SUMENEP – Universitas Bahaudin Mudhary (UNIBA) Madura kembali menegaskan komitmennya dalam menjaga transparansi dan profesionalisme di lingkungan akademik. Pernyataan ini disampaikan oleh Humas UNIBA Madura, Ainur Rofiqi, dalam konferensi pers yang digelar di ruang pertemuan VIP kampus pada Selasa (18/03/2025).
Dalam acara yang turut dihadiri oleh Wakil Rektor I Budi Siswanto dan divisi hukum universitas tersebut, Rofiqi menyoroti pentingnya menjaga integritas akademik serta meminta publik untuk lebih selektif dalam menyikapi informasi yang beredar di masyarakat.

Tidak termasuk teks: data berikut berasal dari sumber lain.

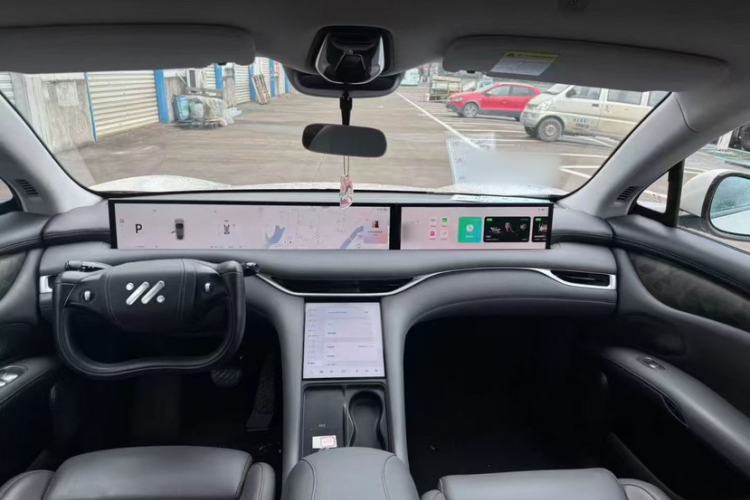 Used IM LS6 2023 Max Standard Edition Interior 2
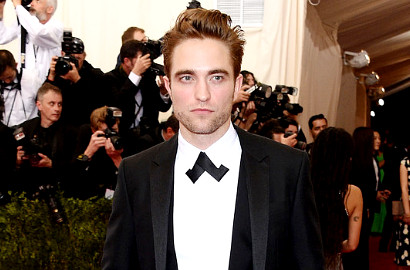 Robert Pattinson Akui Sering Tak Pede dengan Penampilannya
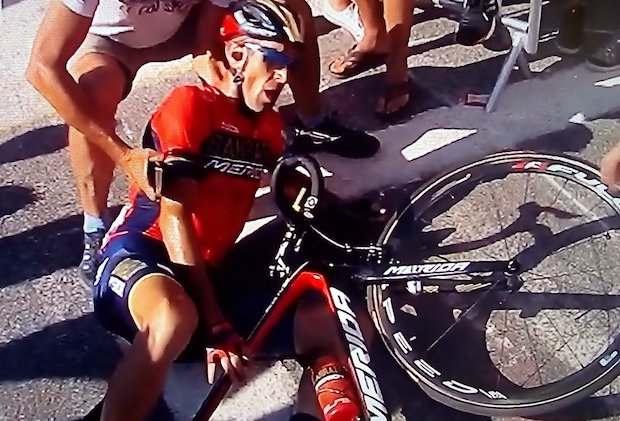 Vincenzo Nibali crash stage 12 alpe d'huez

“Kami mengimbau semua pihak untuk tidak mudah percaya terhadap informasi yang belum terverifikasi. Pastikan sumbernya jelas sebelum menyebarkan,” ujar Rofiqi.

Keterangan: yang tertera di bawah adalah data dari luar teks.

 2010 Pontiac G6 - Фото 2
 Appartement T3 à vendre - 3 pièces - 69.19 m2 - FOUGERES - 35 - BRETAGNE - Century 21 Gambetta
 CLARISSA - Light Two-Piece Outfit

Konferensi pers ini digelar sebagai respons atas sejumlah isu yang mencuat di tengah masyarakat, termasuk spekulasi mengenai kehidupan pribadi Rektor UNIBA Madura. Rofiqi menegaskan bahwa kebijakan akademik di UNIBA Madura selalu mengedepankan profesionalisme dan transparansi, termasuk dalam proses pengangkatan dosen baru.
“Setiap pengangkatan dosen dilakukan melalui prosedur yang ketat, melibatkan berbagai pihak, seperti Manajer Akademik, dosen senior, dan bagian kepegawaian. Tidak ada ruang bagi praktik yang melanggar standar akademik,” jelasnya.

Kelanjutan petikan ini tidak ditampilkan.